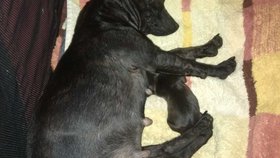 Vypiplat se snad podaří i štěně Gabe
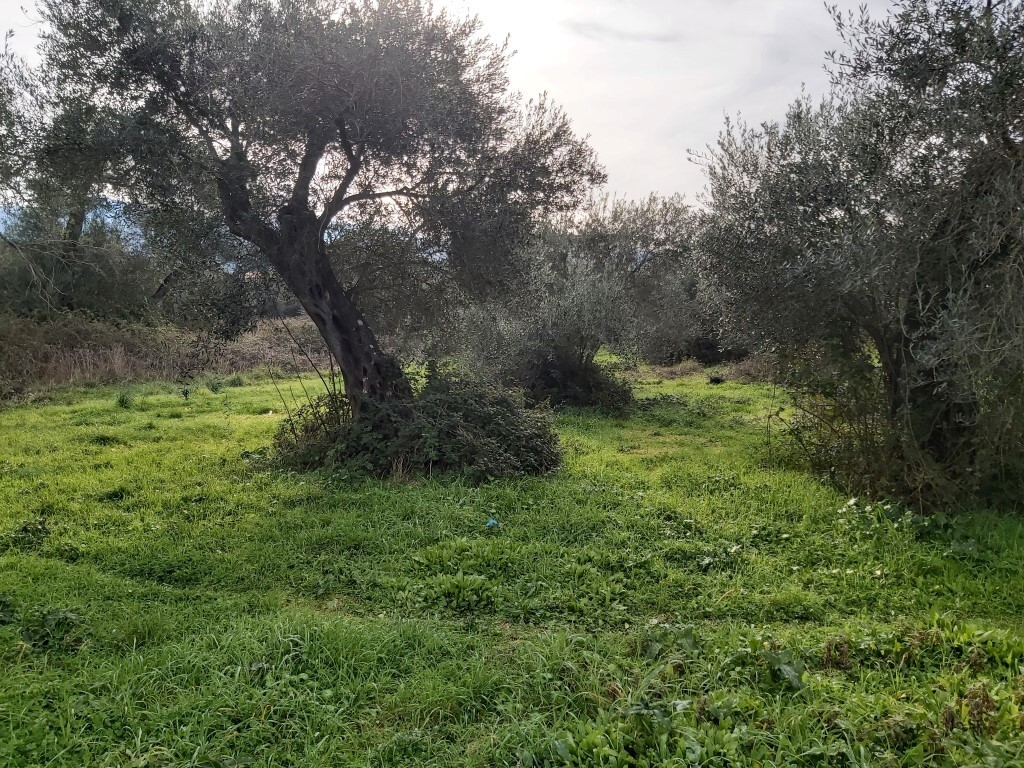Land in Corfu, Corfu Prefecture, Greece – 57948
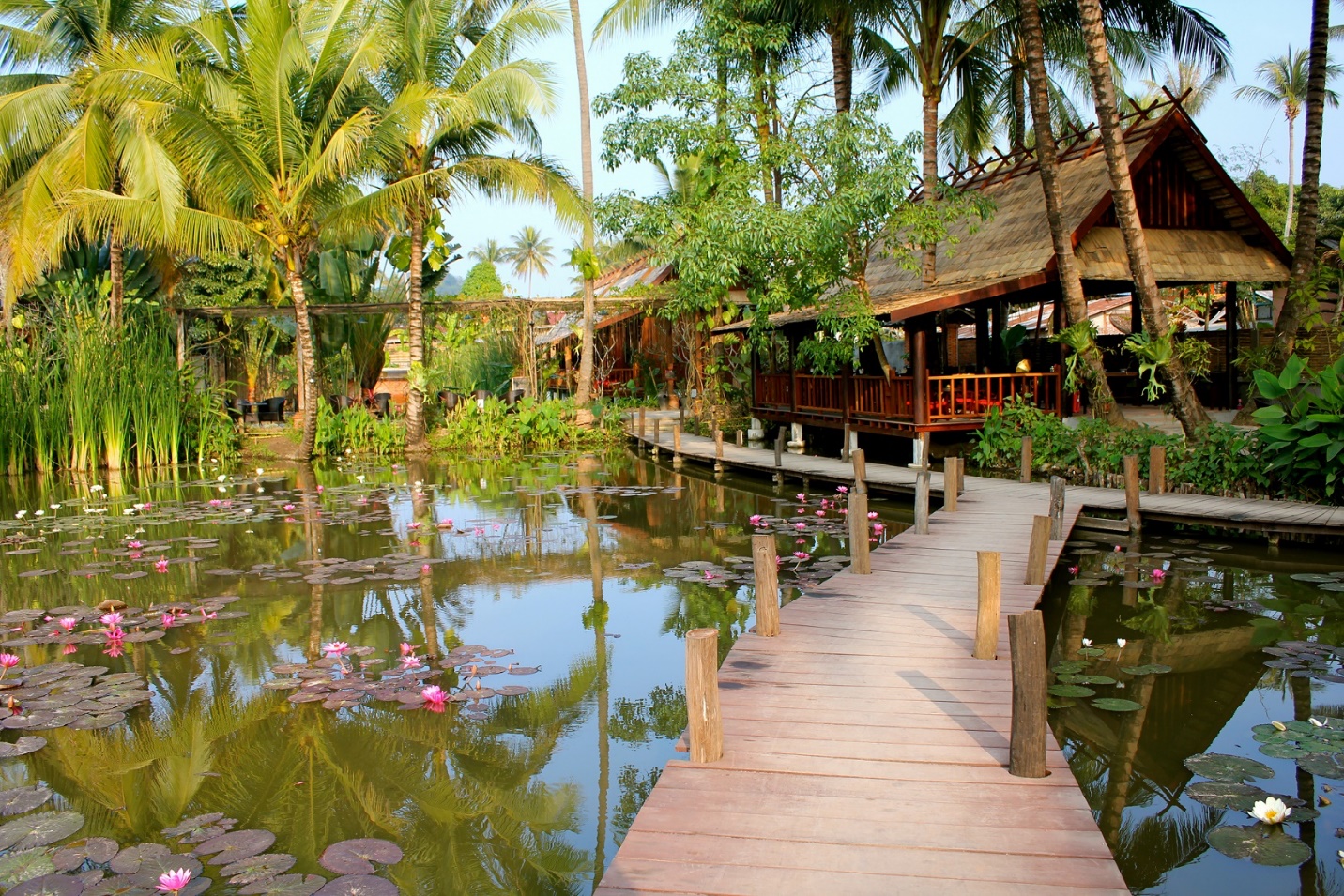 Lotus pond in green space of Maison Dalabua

==

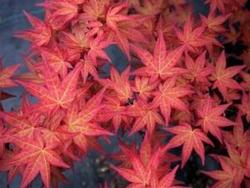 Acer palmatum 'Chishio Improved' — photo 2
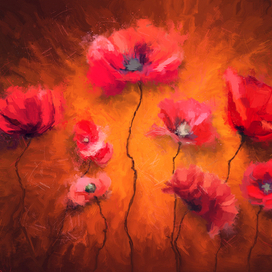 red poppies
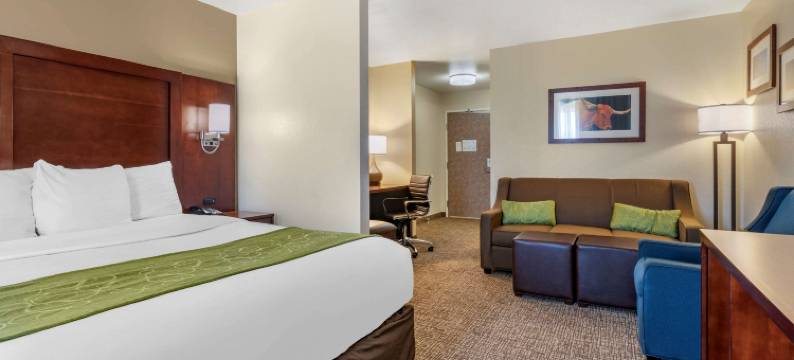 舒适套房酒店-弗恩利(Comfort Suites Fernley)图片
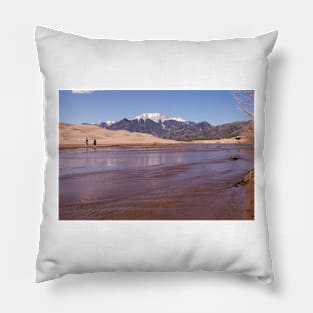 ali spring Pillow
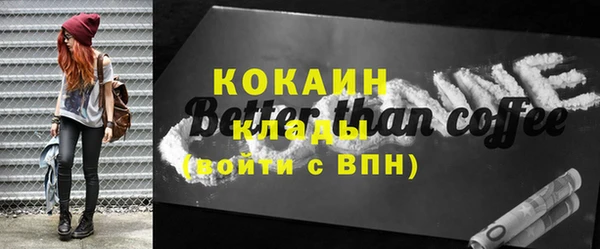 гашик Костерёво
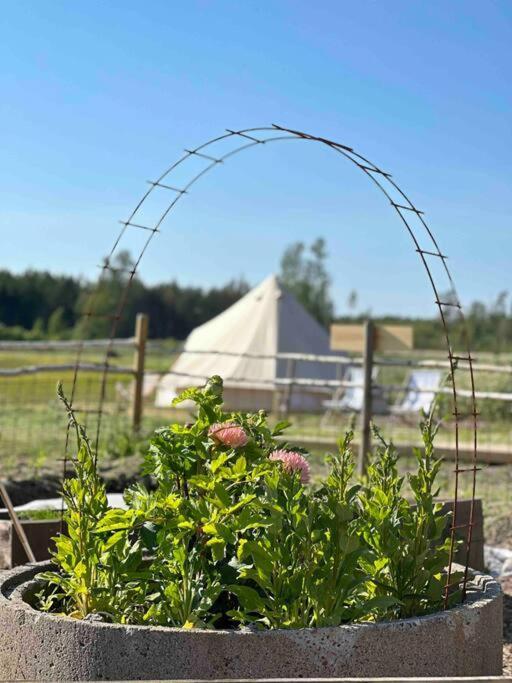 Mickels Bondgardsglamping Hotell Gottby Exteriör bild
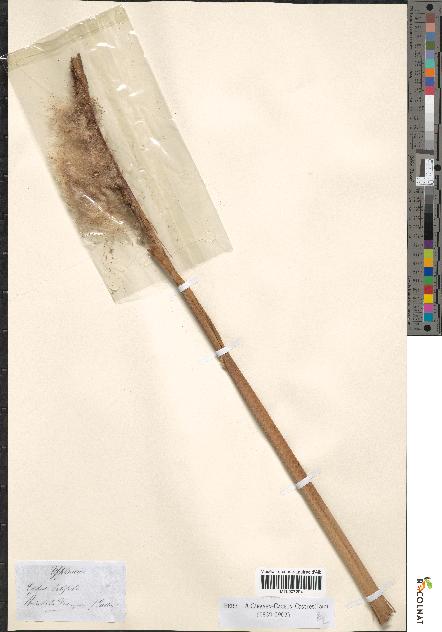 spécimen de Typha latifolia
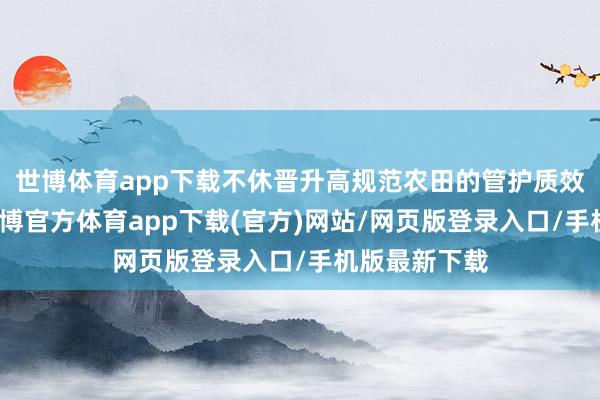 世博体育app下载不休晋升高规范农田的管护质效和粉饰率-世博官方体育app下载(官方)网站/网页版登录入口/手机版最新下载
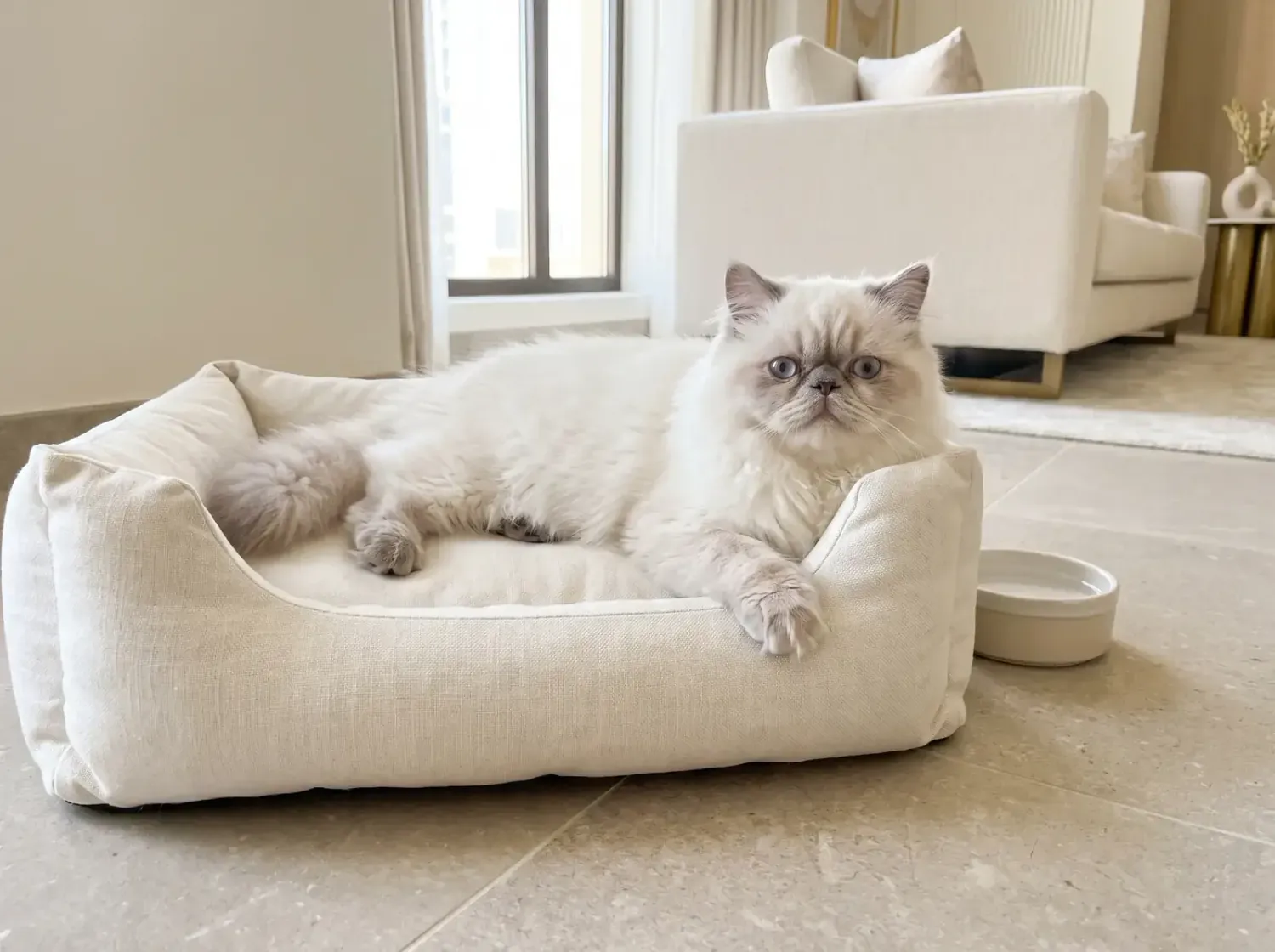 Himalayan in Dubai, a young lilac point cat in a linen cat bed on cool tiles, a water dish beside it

### Task goal
Repeat, without pictures, exactly the lines of the data above from the one containing "гашик Костерёво" through the one containing "Himalayan in Dubai, a", including both and adding nothing.

### Response area
 гашик Костерёво
 Mickels Bondgardsglamping Hotell Gottby Exteriör bild
 spécimen de Typha latifolia
 世博体育app下载不休晋升高规范农田的管护质效和粉饰率-世博官方体育app下载(官方)网站/网页版登录入口/手机版最新下载
 Himalayan in Dubai, a young lilac point cat in a linen cat bed on cool tiles, a water dish beside it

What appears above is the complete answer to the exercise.